#### What the task requires:
After locating the line with "Now we're going" below, output it and each following line exactly, stopping after the line with "Graph each equation". No pictures.

#### Data supplied ####

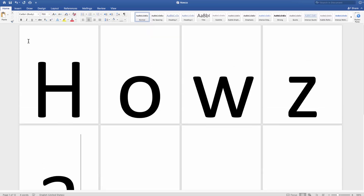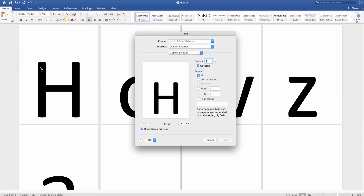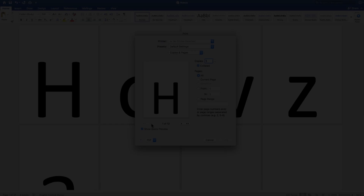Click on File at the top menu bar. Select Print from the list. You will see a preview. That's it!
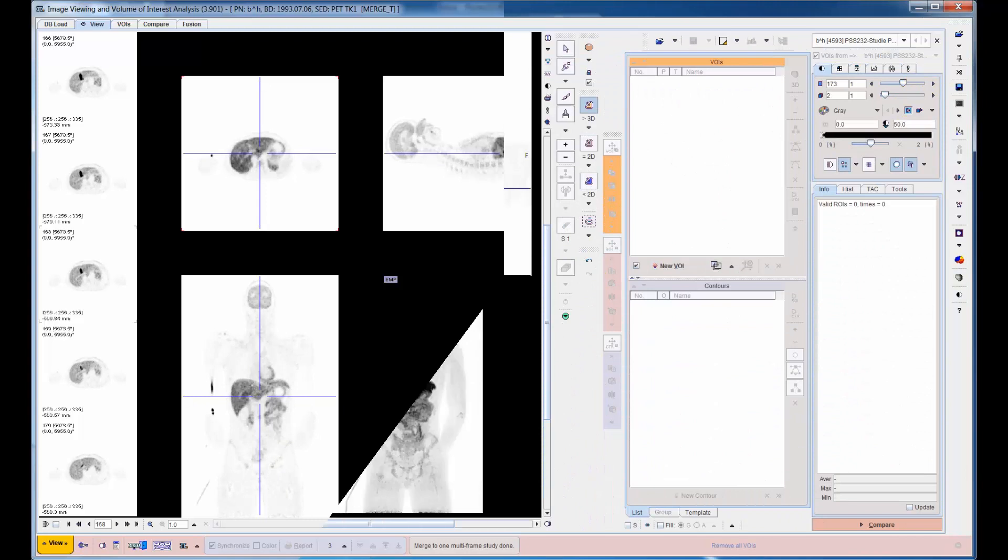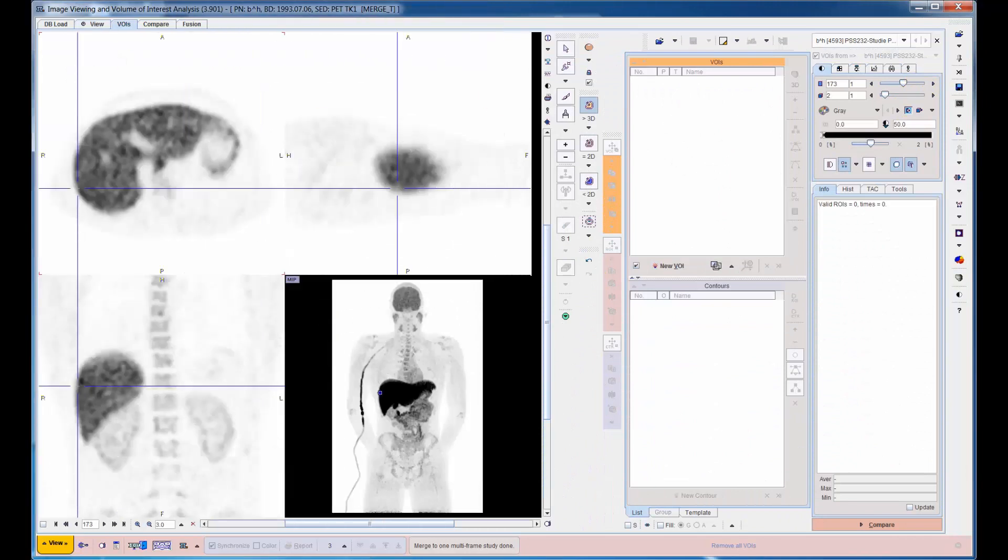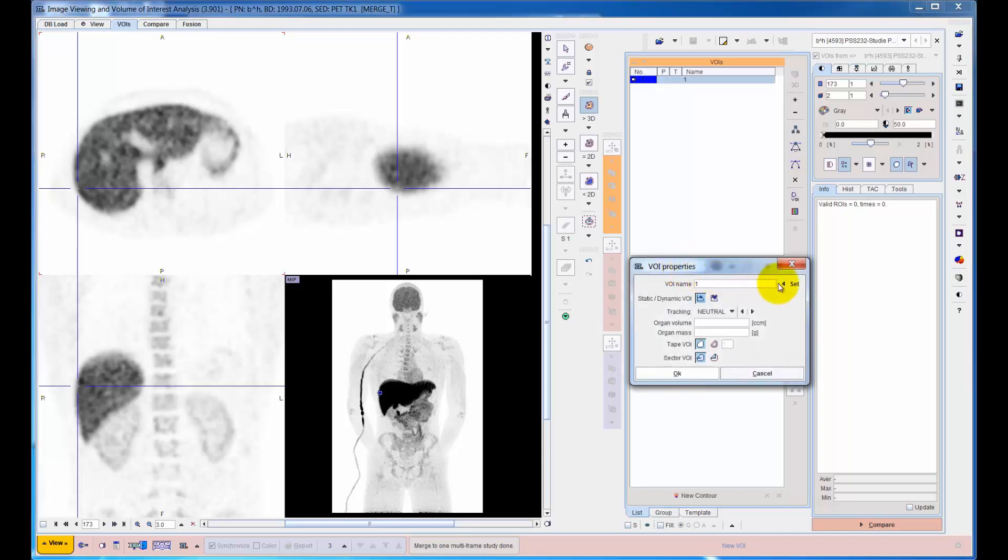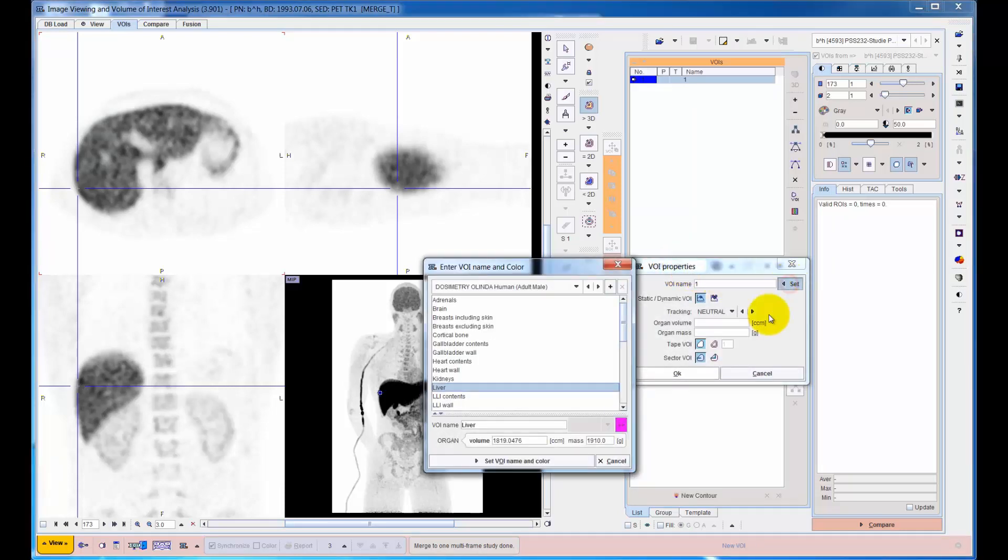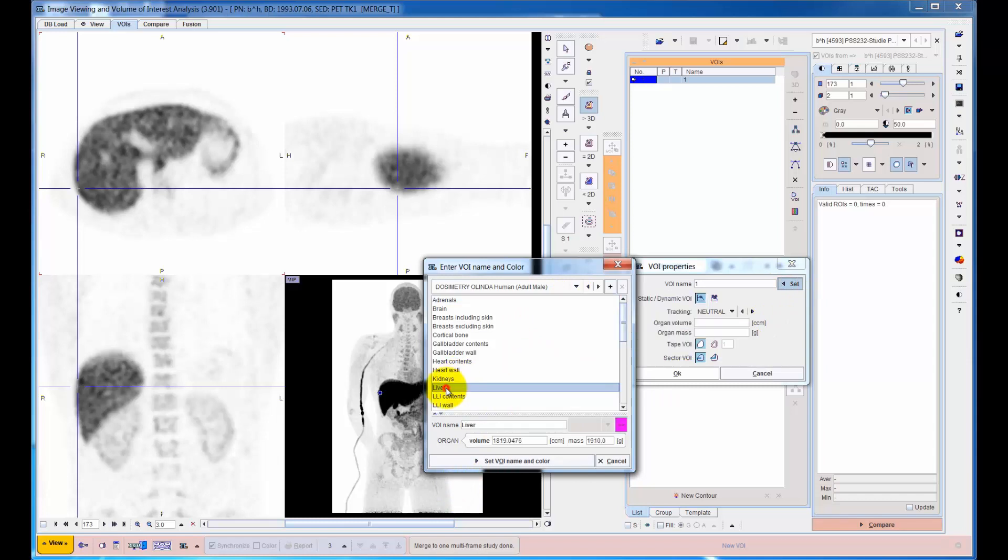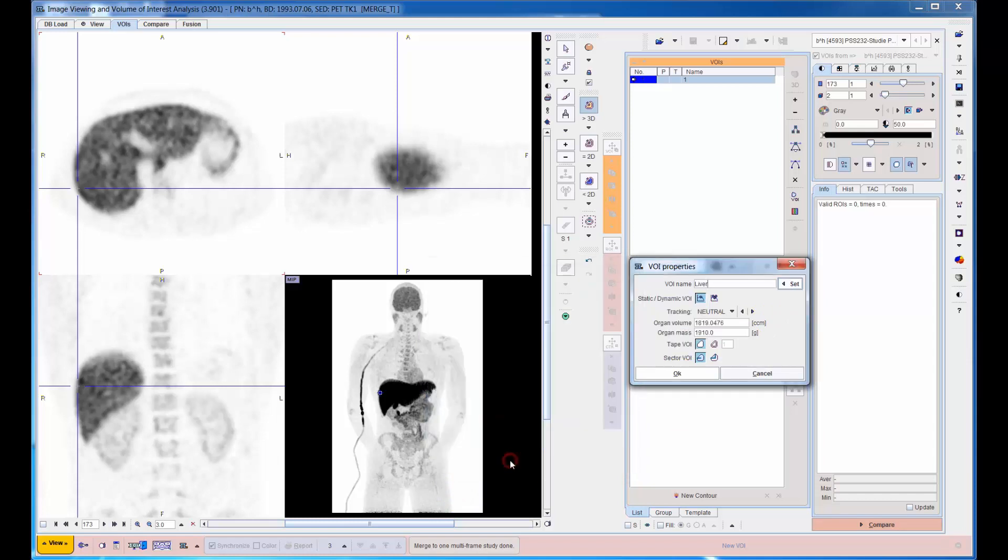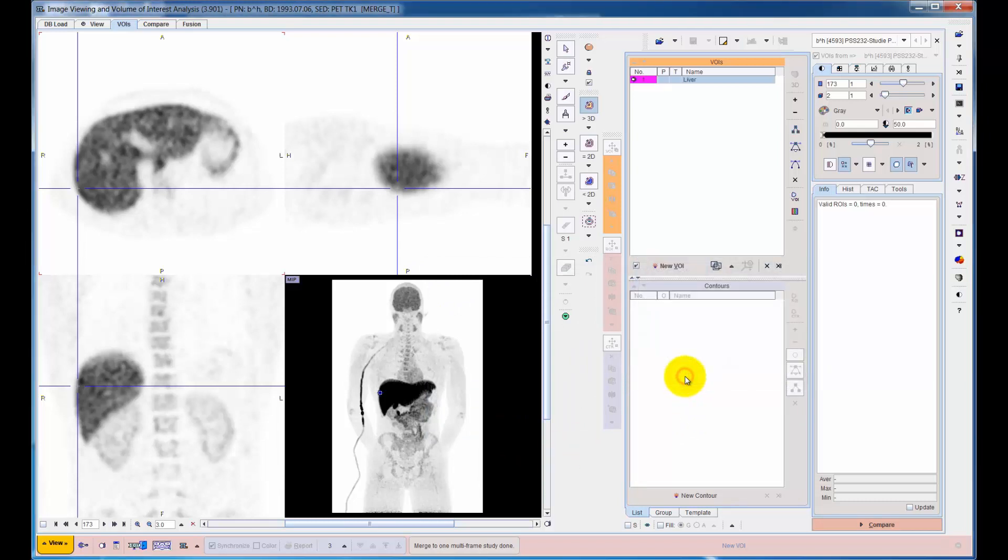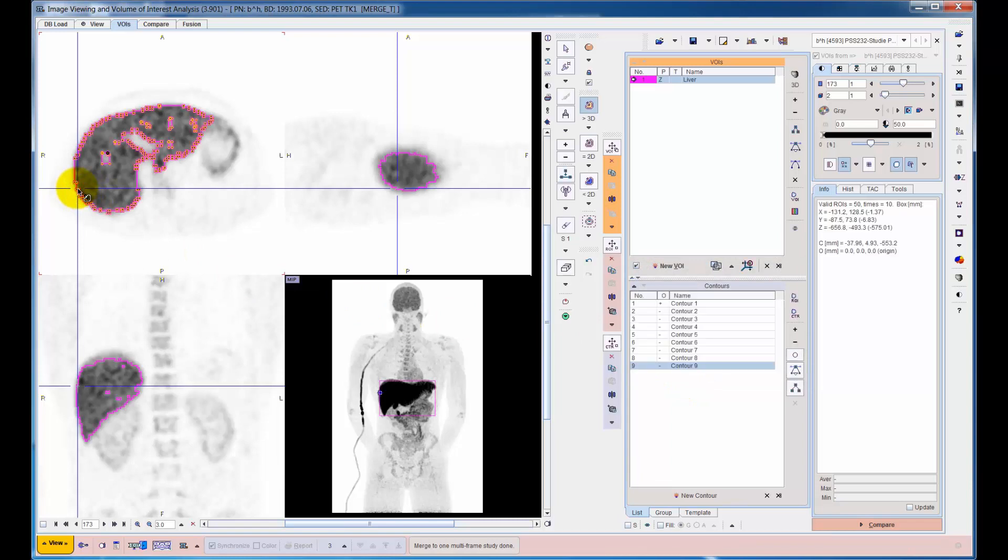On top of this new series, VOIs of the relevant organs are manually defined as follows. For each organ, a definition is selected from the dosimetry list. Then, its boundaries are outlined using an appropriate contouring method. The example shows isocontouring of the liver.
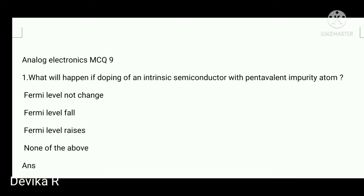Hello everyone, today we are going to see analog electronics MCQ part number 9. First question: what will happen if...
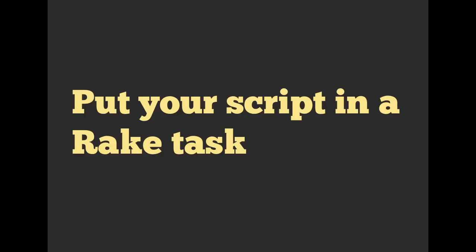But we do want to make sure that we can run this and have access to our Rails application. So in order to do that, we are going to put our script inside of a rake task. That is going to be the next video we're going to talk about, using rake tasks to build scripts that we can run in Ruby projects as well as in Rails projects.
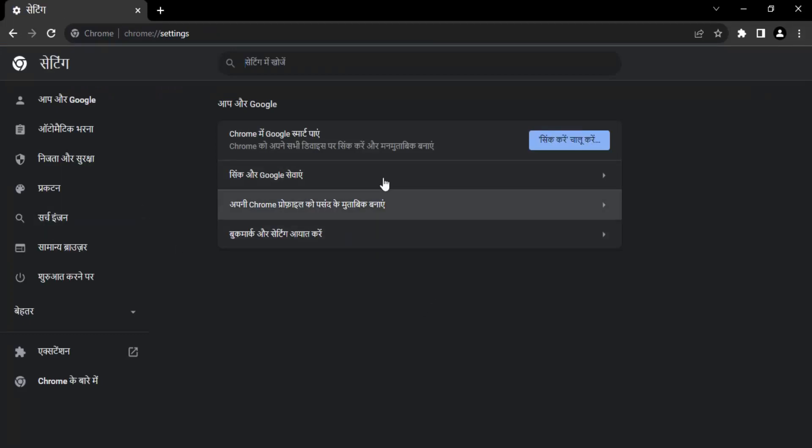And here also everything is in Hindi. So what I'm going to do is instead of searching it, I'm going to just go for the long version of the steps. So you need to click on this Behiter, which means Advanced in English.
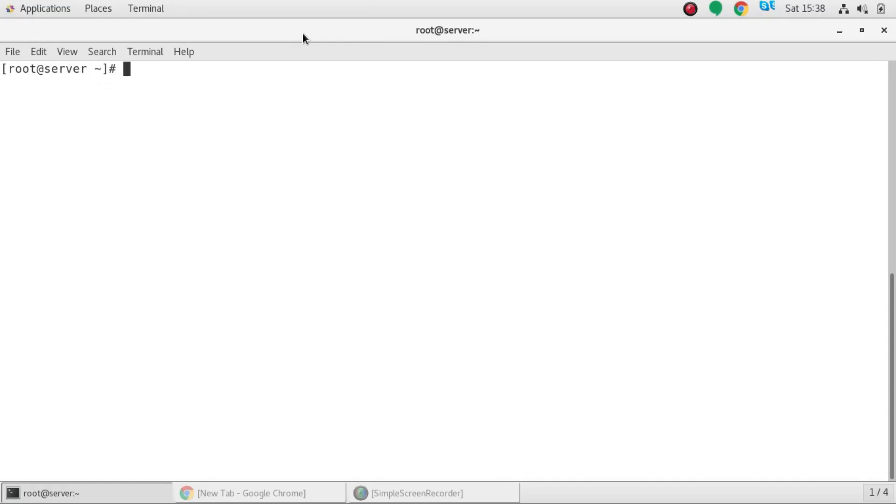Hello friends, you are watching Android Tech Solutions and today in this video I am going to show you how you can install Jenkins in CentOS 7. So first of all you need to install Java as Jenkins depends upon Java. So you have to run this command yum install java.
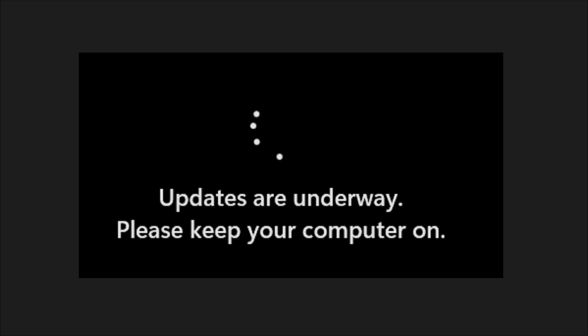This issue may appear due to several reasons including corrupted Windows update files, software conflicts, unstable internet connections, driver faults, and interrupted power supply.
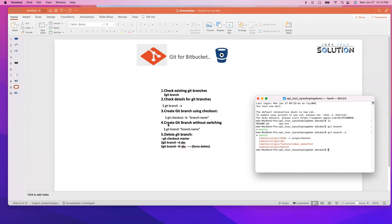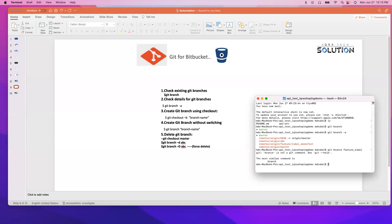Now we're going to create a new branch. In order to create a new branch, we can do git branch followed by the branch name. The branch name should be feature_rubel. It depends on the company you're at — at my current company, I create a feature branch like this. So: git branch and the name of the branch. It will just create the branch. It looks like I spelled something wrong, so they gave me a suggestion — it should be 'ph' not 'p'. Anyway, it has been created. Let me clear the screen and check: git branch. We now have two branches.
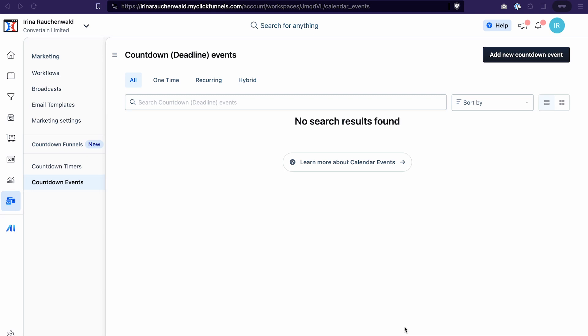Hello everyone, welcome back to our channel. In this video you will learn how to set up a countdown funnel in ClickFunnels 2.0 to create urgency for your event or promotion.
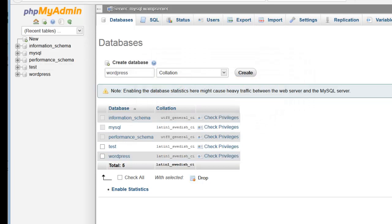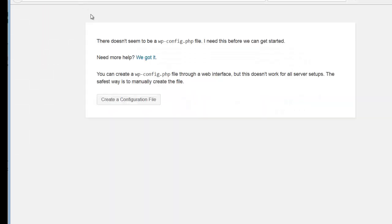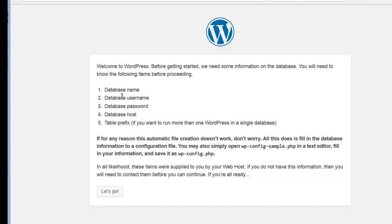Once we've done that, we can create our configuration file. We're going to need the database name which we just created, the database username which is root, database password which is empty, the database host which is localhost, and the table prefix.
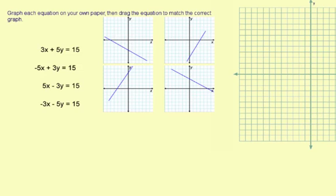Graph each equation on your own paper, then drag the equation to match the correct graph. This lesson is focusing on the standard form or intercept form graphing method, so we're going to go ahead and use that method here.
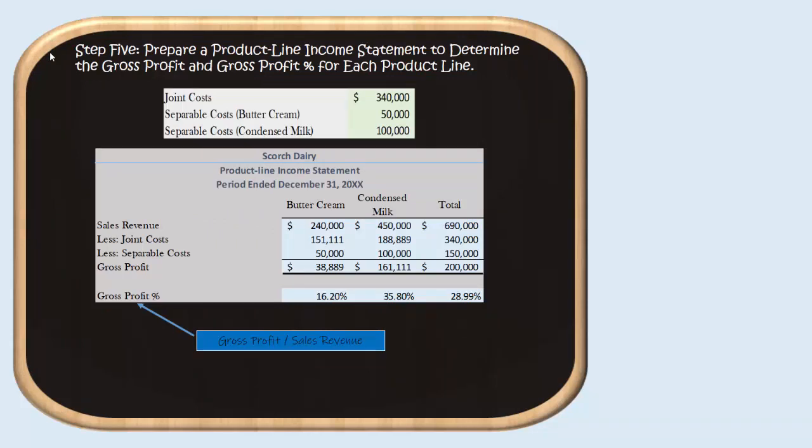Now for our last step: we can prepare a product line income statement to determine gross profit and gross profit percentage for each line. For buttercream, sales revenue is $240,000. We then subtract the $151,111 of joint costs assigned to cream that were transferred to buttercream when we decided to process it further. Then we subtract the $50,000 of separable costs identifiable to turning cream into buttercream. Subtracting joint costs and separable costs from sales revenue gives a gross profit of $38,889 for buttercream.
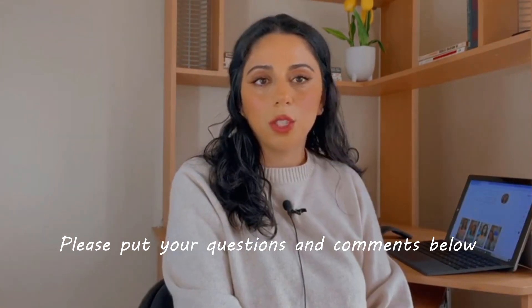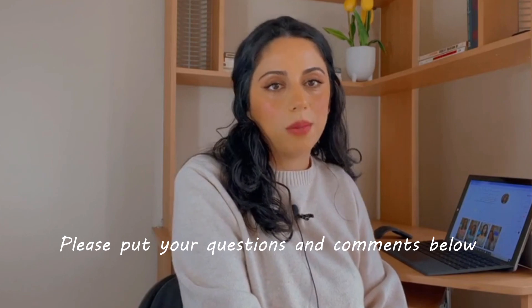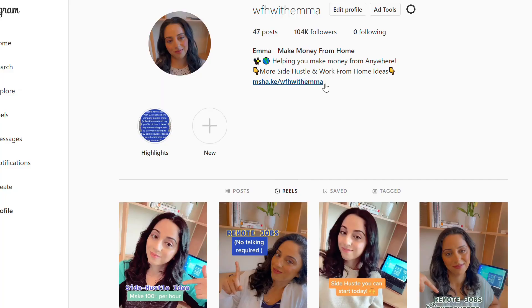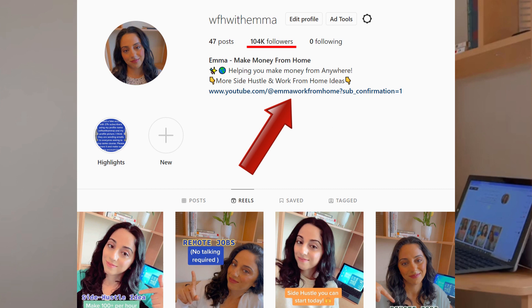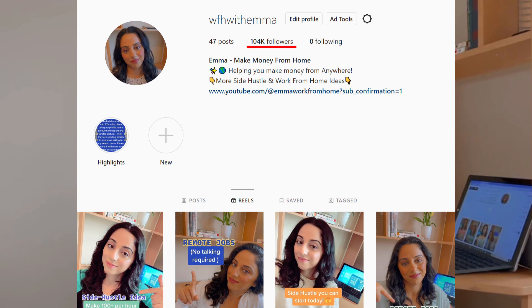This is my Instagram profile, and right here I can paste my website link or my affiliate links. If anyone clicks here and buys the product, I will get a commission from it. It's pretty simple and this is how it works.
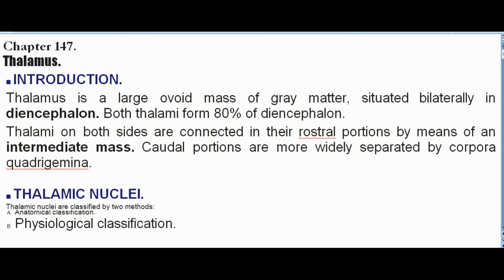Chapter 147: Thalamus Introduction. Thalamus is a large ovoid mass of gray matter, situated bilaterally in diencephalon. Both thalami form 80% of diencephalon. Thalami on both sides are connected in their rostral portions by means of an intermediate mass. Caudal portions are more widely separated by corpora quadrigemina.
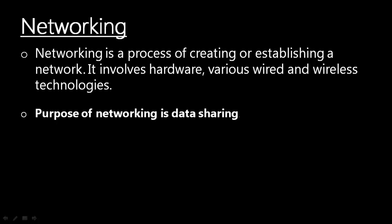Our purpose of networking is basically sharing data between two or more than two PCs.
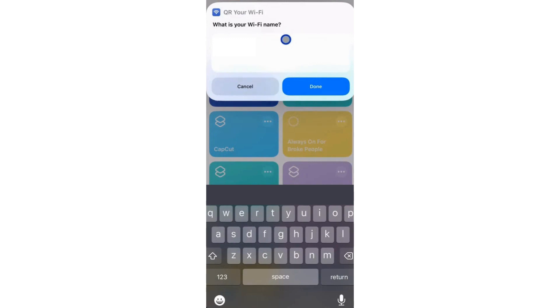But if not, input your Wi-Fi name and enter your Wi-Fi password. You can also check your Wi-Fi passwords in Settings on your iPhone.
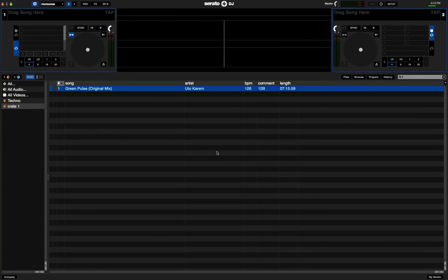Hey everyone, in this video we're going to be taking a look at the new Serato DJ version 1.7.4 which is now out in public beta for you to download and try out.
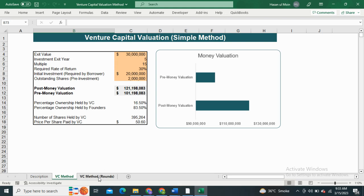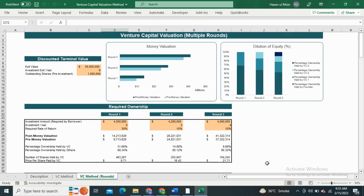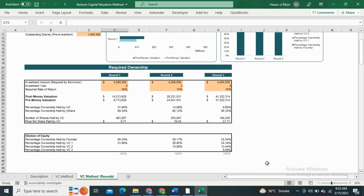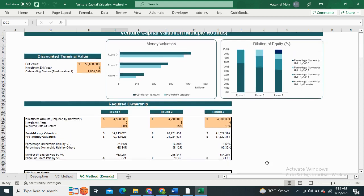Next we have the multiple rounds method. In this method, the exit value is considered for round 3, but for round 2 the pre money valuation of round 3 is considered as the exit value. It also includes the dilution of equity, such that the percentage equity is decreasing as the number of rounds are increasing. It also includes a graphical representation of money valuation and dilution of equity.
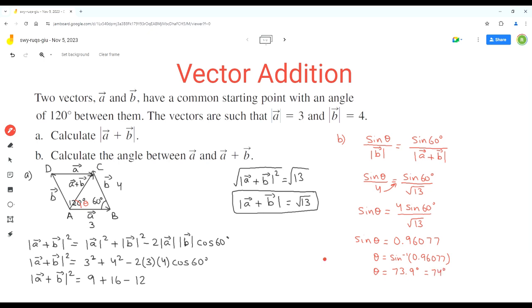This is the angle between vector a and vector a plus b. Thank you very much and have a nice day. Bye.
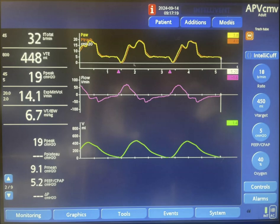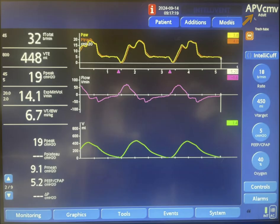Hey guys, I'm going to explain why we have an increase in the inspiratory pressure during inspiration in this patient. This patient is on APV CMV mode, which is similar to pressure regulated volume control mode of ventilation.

####

#### Your solution:
Now we're going to create a new branch. In order to create a new branch, we can do git branch followed by the branch name. The branch name should be feature_rubel. It depends on the company you're at — at my current company, I create a feature branch like this. So: git branch and the name of the branch. It will just create the branch. It looks like I spelled something wrong, so they gave me a suggestion — it should be 'ph' not 'p'. Anyway, it has been created. Let me clear the screen and check: git branch. We now have two branches.
Hello everyone, welcome back to our channel. In this video you will learn how to set up a countdown funnel in ClickFunnels 2.0 to create urgency for your event or promotion.
Once we've done that, we can create our configuration file. We're going to need the database name which we just created, the database username which is root, database password which is empty, the database host which is localhost, and the table prefix.
Graph each equation on your own paper, then drag the equation to match the correct graph. This lesson is focusing on the standard form or intercept form graphing method, so we're going to go ahead and use that method here.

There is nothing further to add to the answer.